S5 Ep10 Malala Yousafzai, featuring an excerpt from Ziauddin Yousafzai

The Pakistani activist and writer Malala Yousafzai won the 2014 Nobel Peace Prize for her work in favour of the right of children, particularly girls, to education. Aged 17 when she received the award, she became the youngest ever person to receive a Nobel in any category.
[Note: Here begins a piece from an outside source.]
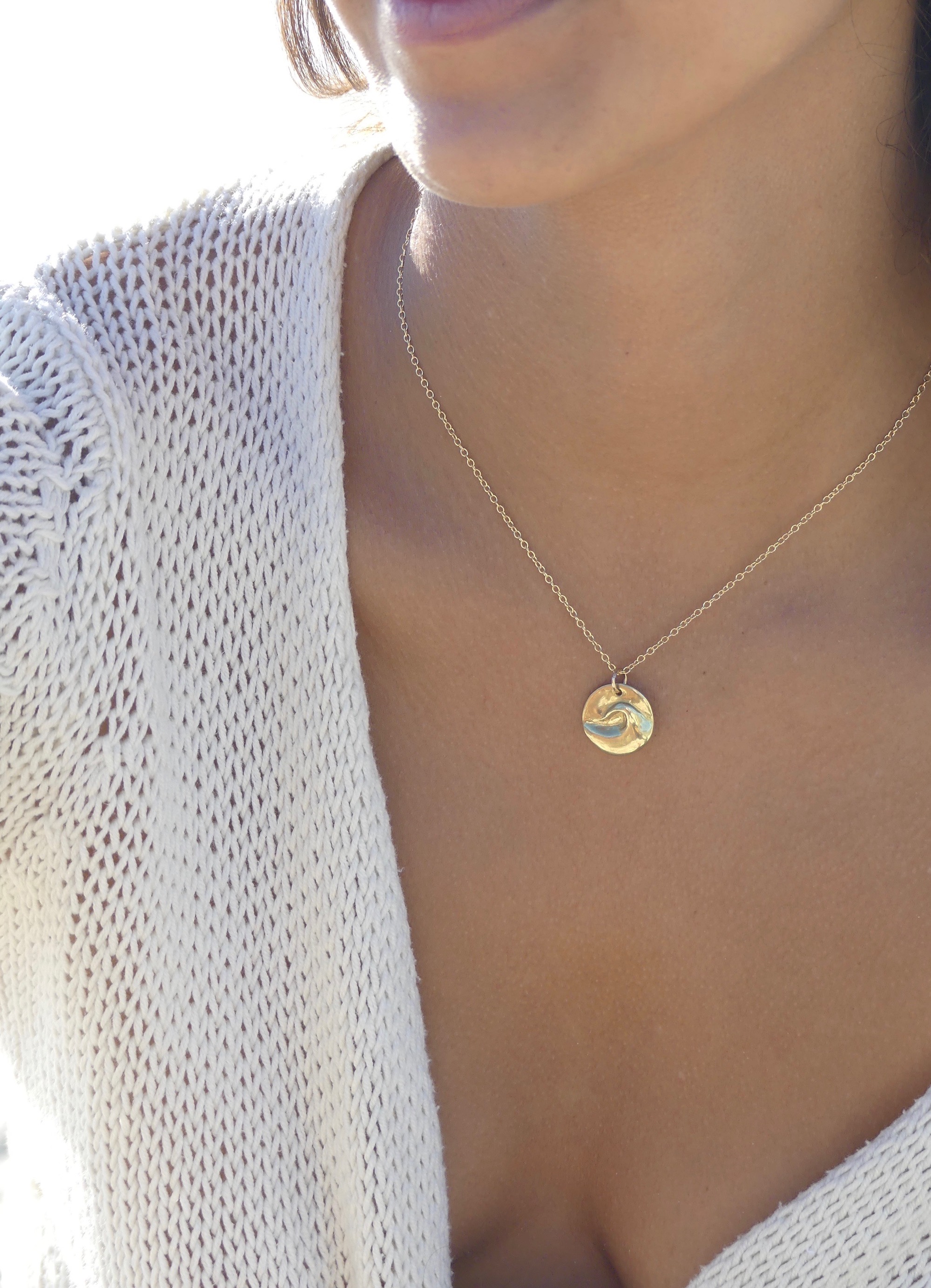 Model wears pendant on 40 cm 14k gold fill chain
A BBC blogger since 2009, she has been a persistent critic of the Taliban in her country, which resulted in an attempt on her life when she was on a bus near her home in Pakistan in 2012. She studied Philosophy, Politics and Economics at Lady Margaret Hall College, Oxford, and has an honorary doctorate from Kings College University, Halifax, Canada.

We open this episode with an excerpt from an event at Winter Weekend 2018 from Malala’s father, Ziauddin Yousafzai. For more than 20 years, Ziauddin Yousafzai has been fighting for equality – first for Malala, his daughter – and then for all girls throughout the world living in patriarchal societies. Taught as a young boy in Pakistan to believe that he was inherently better than his sisters, Ziauddin rebelled against inequality at a young age. And when he had a daughter himself he vowed that Malala would have an education, something usually only given to boys, and he founded a school that Malala could attend.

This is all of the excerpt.